• [Problem description]
Please copy the records exactly as they appear, with all pictures left out.
---*---
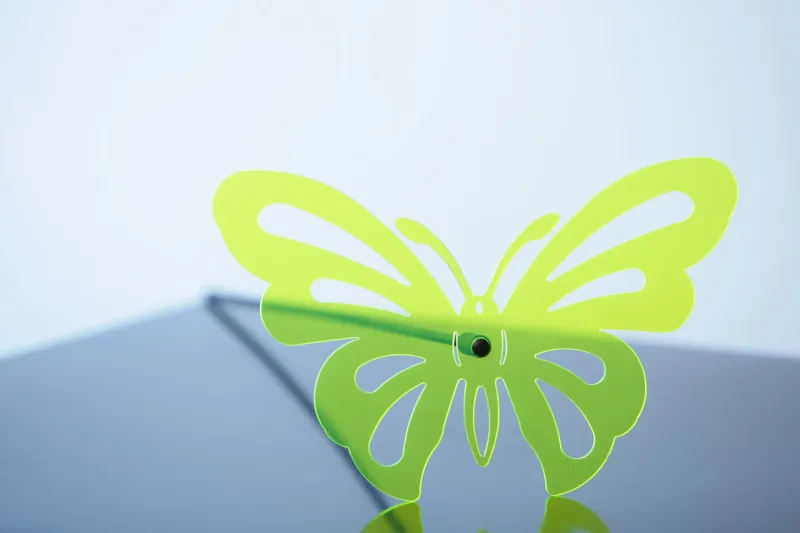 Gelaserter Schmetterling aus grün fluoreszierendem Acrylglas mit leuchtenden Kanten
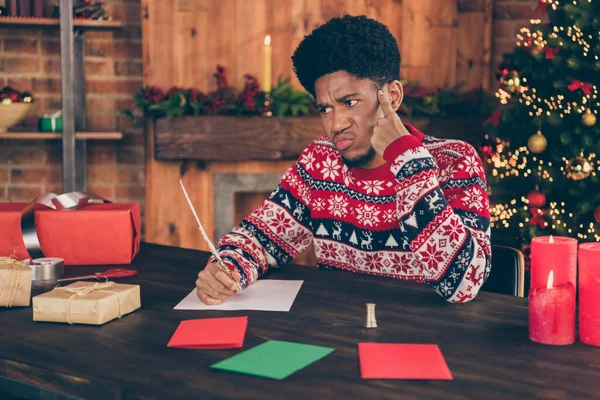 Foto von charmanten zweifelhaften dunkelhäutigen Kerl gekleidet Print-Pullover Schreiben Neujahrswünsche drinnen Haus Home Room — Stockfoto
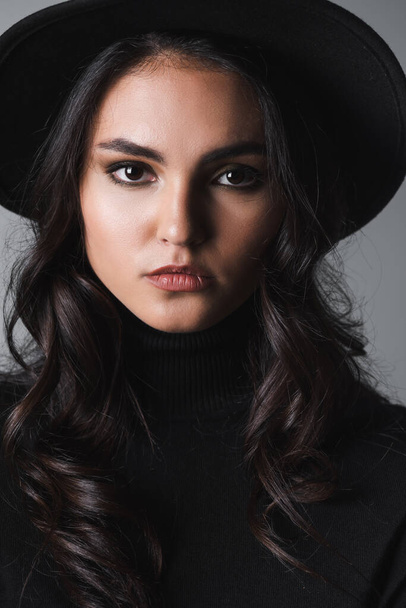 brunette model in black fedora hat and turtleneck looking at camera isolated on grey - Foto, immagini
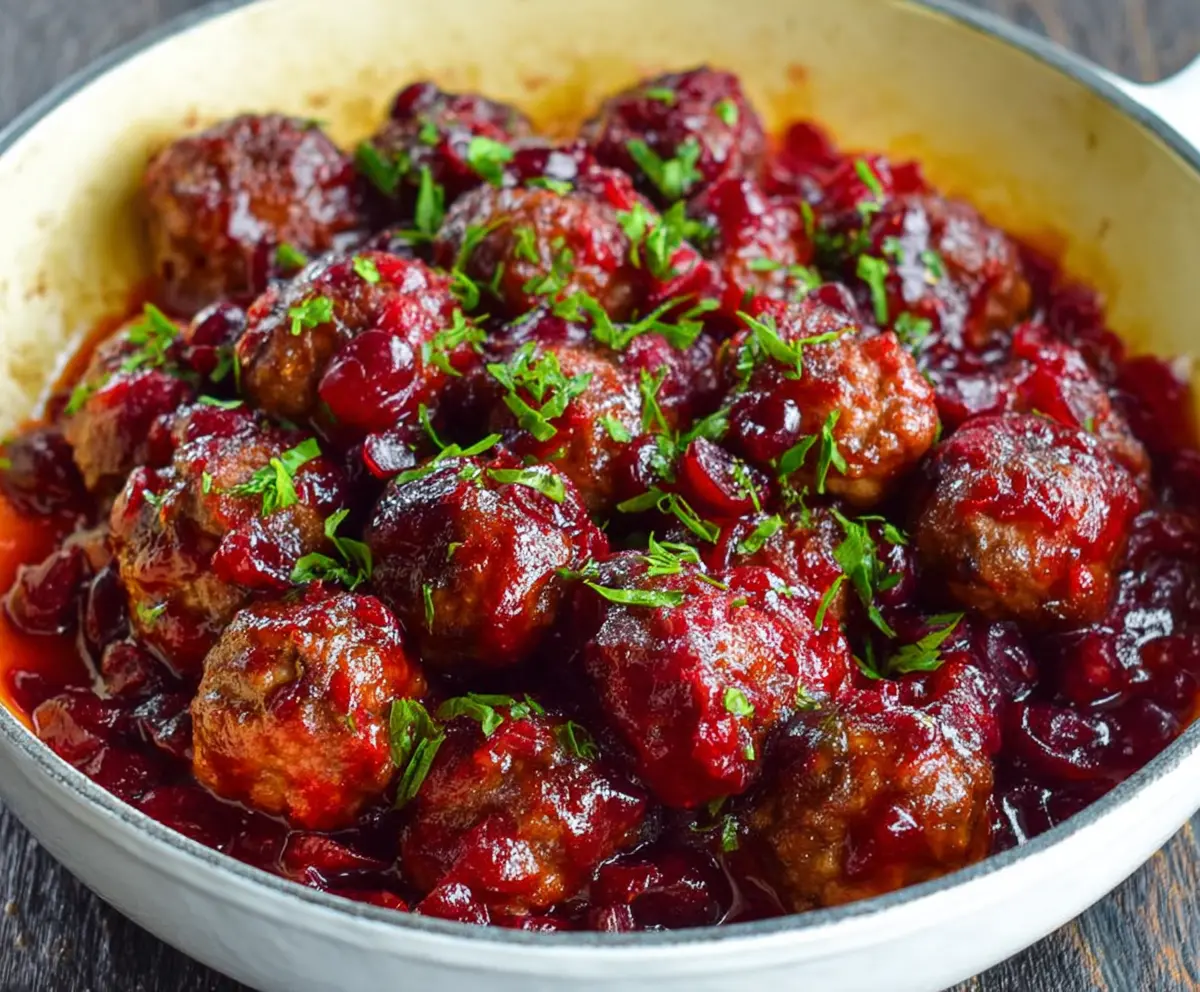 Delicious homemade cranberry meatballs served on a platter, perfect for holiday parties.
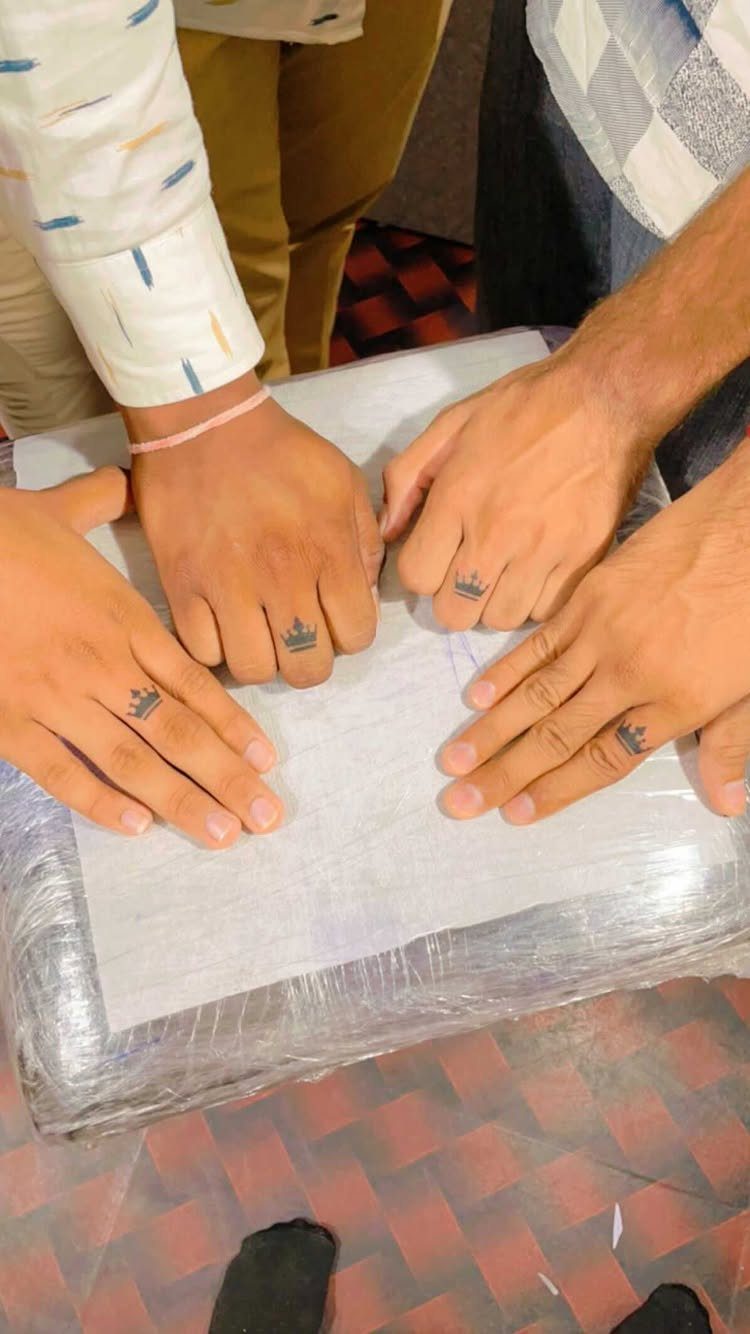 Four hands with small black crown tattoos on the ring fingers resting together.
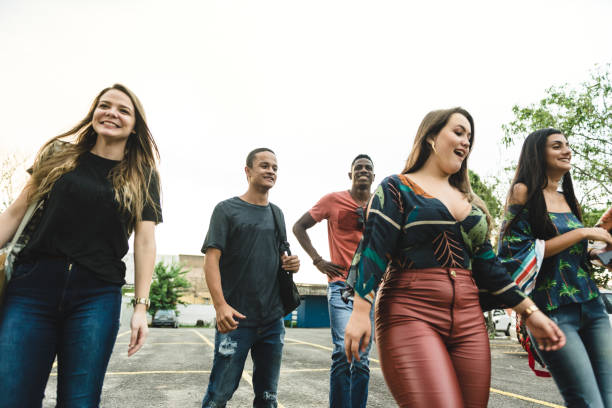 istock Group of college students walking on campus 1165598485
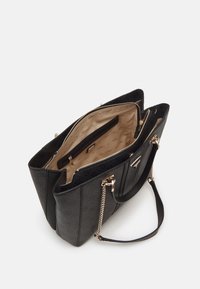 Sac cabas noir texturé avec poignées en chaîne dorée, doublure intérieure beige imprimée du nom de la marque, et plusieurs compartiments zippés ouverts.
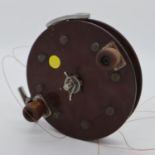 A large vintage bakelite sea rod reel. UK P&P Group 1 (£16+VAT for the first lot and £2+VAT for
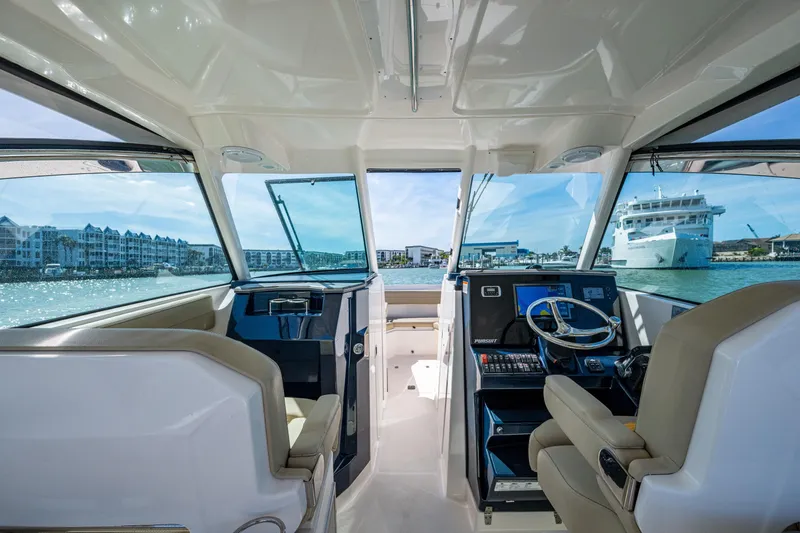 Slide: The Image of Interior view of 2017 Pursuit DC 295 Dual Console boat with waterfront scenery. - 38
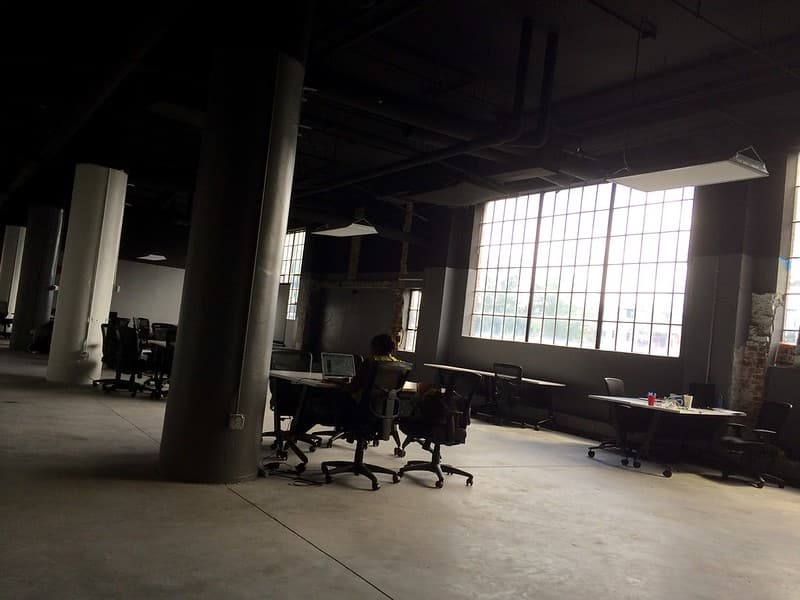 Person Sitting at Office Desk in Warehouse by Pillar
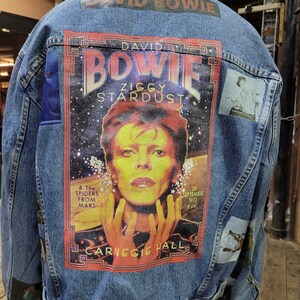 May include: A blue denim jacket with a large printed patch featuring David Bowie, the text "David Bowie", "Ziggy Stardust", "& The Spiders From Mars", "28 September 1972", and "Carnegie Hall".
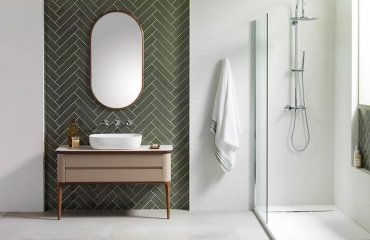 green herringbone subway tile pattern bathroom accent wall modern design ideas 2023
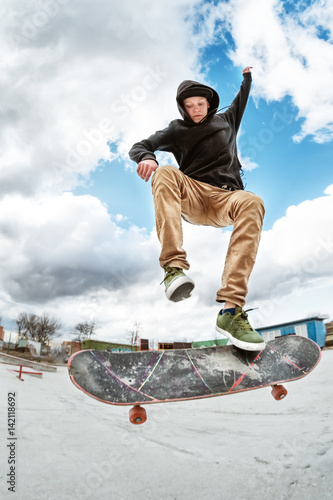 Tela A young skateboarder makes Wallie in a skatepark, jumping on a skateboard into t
---*---
• [Reply]
 Gelaserter Schmetterling aus grün fluoreszierendem Acrylglas mit leuchtenden Kanten
 Foto von charmanten zweifelhaften dunkelhäutigen Kerl gekleidet Print-Pullover Schreiben Neujahrswünsche drinnen Haus Home Room — Stockfoto
 brunette model in black fedora hat and turtleneck looking at camera isolated on grey - Foto, immagini
 Delicious homemade cranberry meatballs served on a platter, perfect for holiday parties.
 Four hands with small black crown tattoos on the ring fingers resting together.
 istock Group of college students walking on campus 1165598485
 Sac cabas noir texturé avec poignées en chaîne dorée, doublure intérieure beige imprimée du nom de la marque, et plusieurs compartiments zippés ouverts.
 A large vintage bakelite sea rod reel. UK P&P Group 1 (£16+VAT for the first lot and £2+VAT for
 Slide: The Image of Interior view of 2017 Pursuit DC 295 Dual Console boat with waterfront scenery. - 38
 Person Sitting at Office Desk in Warehouse by Pillar
 May include: A blue denim jacket with a large printed patch featuring David Bowie, the text "David Bowie", "Ziggy Stardust", "& The Spiders From Mars", "28 September 1972", and "Carnegie Hall".
 green herringbone subway tile pattern bathroom accent wall modern design ideas 2023
 Tela A young skateboarder makes Wallie in a skatepark, jumping on a skateboard into t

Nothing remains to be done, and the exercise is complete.